The gallbladder is the organ most closely associated with making decisions.
Below is a list of the organ systems and some of their corresponding emotions:
- Liver and Gallbladder: Anger, frustration, resentment, anxiety, and rage (Can also be involved in depression and is closely associated with PMS)
- Lung and Large Intestine: Grief, sadness, depression, detachment, anxiety
- Spleen and Stomach: Over thinking/overworking, cannot shut your mind off, worry, nervousness, anxiety, dwelling, excessive mental work
- Kidney and Bladder: Fear, anxiety, weak willpower, aloofness, insecurity, isolation
- Heart and Small Intestine: Overjoy, depression and despair, agitation, insomnia, restlessness, lack of enthusiasm
In order to gain an even better understanding of how these emotions are connected with and influenced by the energetic organ systems, each organ has been assigned to one of five elements.

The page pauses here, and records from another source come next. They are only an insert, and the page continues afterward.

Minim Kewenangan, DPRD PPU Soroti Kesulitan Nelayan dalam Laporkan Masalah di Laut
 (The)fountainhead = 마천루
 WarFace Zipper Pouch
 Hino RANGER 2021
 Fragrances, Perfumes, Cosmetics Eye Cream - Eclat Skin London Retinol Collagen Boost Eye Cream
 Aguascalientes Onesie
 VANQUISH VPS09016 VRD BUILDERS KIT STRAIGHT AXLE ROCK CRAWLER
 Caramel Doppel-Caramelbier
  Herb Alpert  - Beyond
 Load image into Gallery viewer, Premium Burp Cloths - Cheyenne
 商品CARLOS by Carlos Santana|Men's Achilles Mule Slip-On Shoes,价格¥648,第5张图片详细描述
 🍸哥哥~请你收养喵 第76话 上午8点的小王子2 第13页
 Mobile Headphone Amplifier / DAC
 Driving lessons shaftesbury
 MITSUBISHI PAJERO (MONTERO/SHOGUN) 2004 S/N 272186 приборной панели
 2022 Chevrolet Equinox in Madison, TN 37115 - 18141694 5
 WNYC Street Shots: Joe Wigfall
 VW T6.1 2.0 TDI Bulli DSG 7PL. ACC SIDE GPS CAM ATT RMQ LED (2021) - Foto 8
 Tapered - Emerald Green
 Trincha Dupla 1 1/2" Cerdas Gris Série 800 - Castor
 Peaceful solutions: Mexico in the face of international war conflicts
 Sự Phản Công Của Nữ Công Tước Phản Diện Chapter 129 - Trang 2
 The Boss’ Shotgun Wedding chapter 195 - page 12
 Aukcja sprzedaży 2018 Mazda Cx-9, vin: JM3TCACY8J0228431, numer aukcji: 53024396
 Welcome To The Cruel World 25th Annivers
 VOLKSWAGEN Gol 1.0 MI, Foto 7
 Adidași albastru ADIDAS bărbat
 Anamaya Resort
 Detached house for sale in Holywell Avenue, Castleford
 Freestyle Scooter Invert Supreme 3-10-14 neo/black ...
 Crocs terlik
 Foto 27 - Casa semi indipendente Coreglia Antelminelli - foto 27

- Liver and Gallbladder are associated with Wood.
- Heart and Small Intestine are associated with Fire.
- Spleen and Stomach are associated with Earth.
- Lung and Large Intestine are associated with Metal.
- Kidney and Bladder are associated with Water.
The basic principle is that each element controls and generates (or is a product of) the other. For example:
- Wood is used to create fire.
- Fire burns wood.
- Burnt wood (ash) returns to the earth.
- Metal is a product that comes from earth and helps create the condensation or water.
- Water is an essential component in the growth of wood.
- From there the cycle starts over.
On the flip side of that flow, is how the elements can also control one another.
- Earth can control the flow of water through routing it via streams, rivers, etc.
- Water is used to control fire.
- Fire is used to control and create metal (think of using fire to make metal bend or liquify it).
- Wood controls the perpetuation of earth (compost).
By thinking about the elements in this type of arrangement, we can see how they are connected and dependent on the flow between them to be harmonious. Since each organ is assigned to an element, it becomes much clearer how an imbalance between them affects the entire flow throughout your body. A major blockage or prolonged imbalance in one area can have a ripple effect on the entire system of organs and emotions.
In traditional Chinese medicine, there are several different approaches or therapies that can be utilized for healing and understanding the connection between these intricate bodily systems. Acupuncture, herbal medicines, and qigong are a few of the main therapies that are used to restore balance and remove blockages in the flow between organs.
Unfortunately, these types of therapies are often regarded as “last attempt alternatives.” However, as science has worked to explain many of these delicate, internal relationships, people are starting to discover and experience the vast benefits of incorporating them earlier in treatment regimens. This is why it is important to recognize, regardless of the level of acknowledgment, the intricate flow between emotional and physical health exists as a fundamental foundation of our being. Therefore, we can look to improve both our emotional and physical health by seeking methods that remove blockages and restore a harmonious balance.